The debate will be sparked again, as their troubled relationship is examined in a new biopic, The Beautiful and the Damned. Keira Knightley is said to be in negotiations to play the lead.
Zelda was a leading light of the roaring Twenties, and Fitzgerald was the era's most brilliant writer. When the two married in 1920, they were seen as the perfect society couple. But their marriage was far from ordinary – thanks, in part, to Zelda's outrageous behaviour and schizophrenia. Some literary experts suggest that it was her influence that led Fitzgerald into spiralling fits of jealously and alcoholism.
But Cathia Jenainati, associate professor of English writing at Warwick University, said: "It was Ernest Hemingway, who was friends with Fitzgerald, who started this myth that Fitzgerald's loss of social control resulted from Zelda's influence over him... But I think it is too simplistic to draw a connection between male genius and female influence. His writing did suffer but I'm not sure it was because of her influence."
The film is written by Hanna Weg, who also wrote Enigma, and directed by Nick Cassavetes. It is to begin shooting in April, although the role of Fitzgerald has not yet been cast.

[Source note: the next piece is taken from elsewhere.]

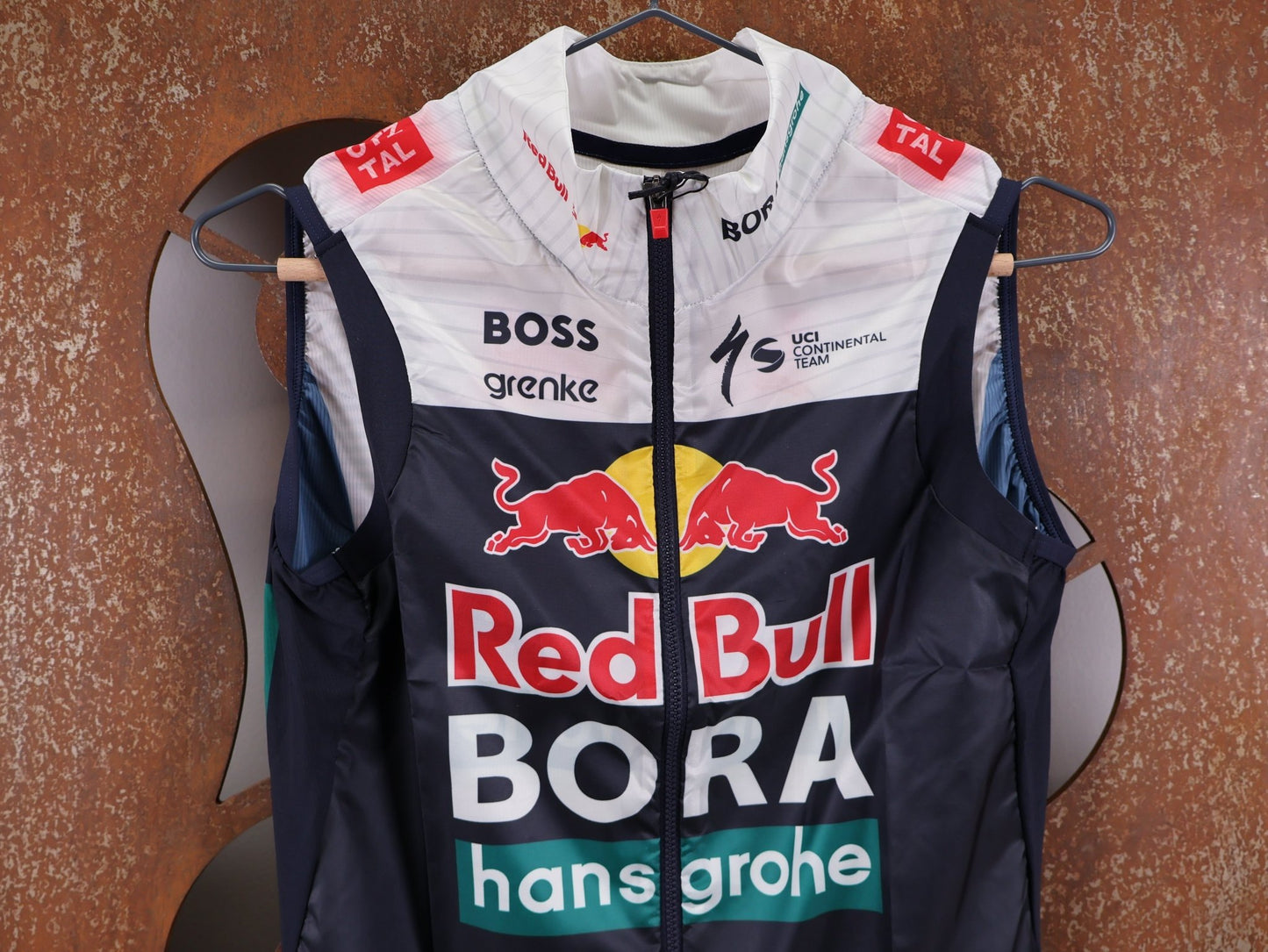 Westen - BOH von Specialized, SPECIALIZED RED BULL - BORA HANSGROHE WIND VEST / WESTE U23 vor USEDBIKES - OB.DE Hintergrund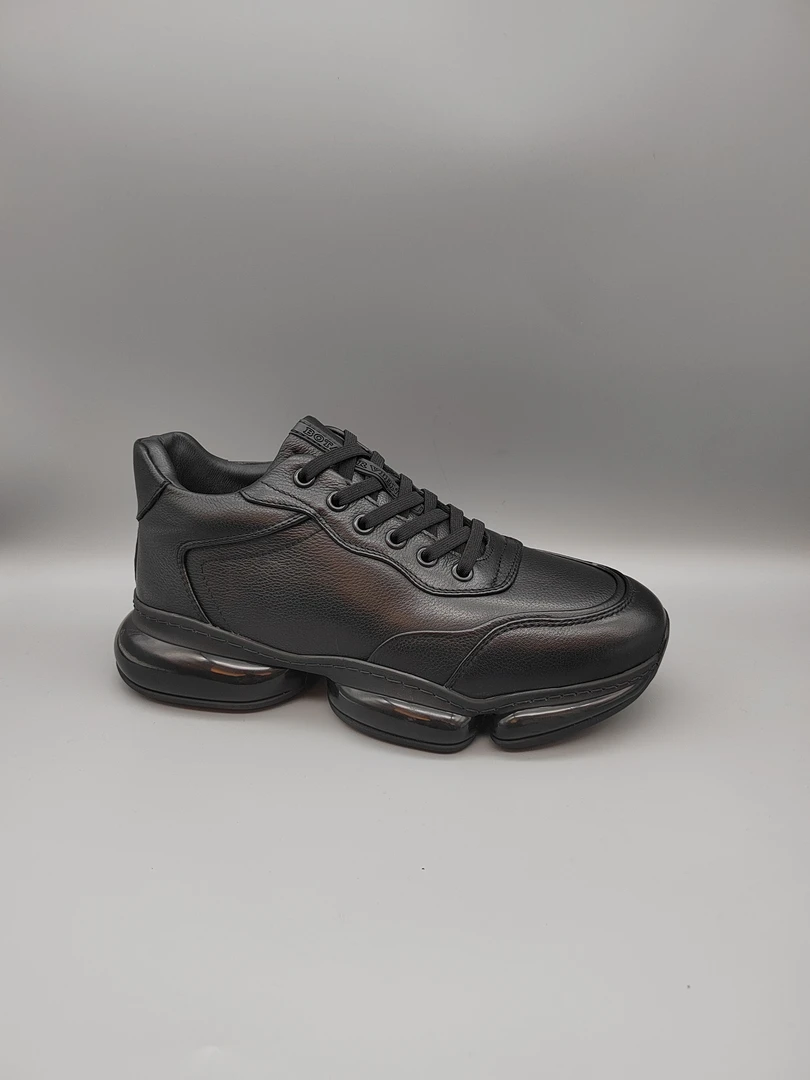 8019男士轻奢冬季加绒时尚户外休闲百搭时装鞋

The film's title is taken from Fitzgerald's second novel, which tells the story of Anthony Patch, an alcoholic socialite, and his wife Gloria. On its publication in 1922 it was hailed as a searing portrait of the eastern American elite of the Jazz Age.
Zelda grew up in a wealthy Southern family. Soon after finishing high school, she met Fitzgerald at a dance, and although he is said to have professed his infatuation, she continued seeing other men. After marrying, they spent the early part of the 1920s as literary celebrities in New York.
The strain of their union allegedly led Scott to increased alcoholism, with some noting that he never regained the critical acclaim he received for his celebrated third novel, The Great Gatsby, published in 1925. It also inflamed Zelda's mental instability, leading to her admittance to a sanatorium in 1930.
Feminists, however, have championed Zelda as a woman who stood up to an emotionally abusive partner.
While in a clinic in Maryland, Zelda wrote the novel Save me the Waltz. Fitzgerald was incensed that she had used some real-life material from their marriage even though he did the same for Tender Is The Night, in 1934. Both books presented contrasting yet insightful portrayals of their troubled marriage.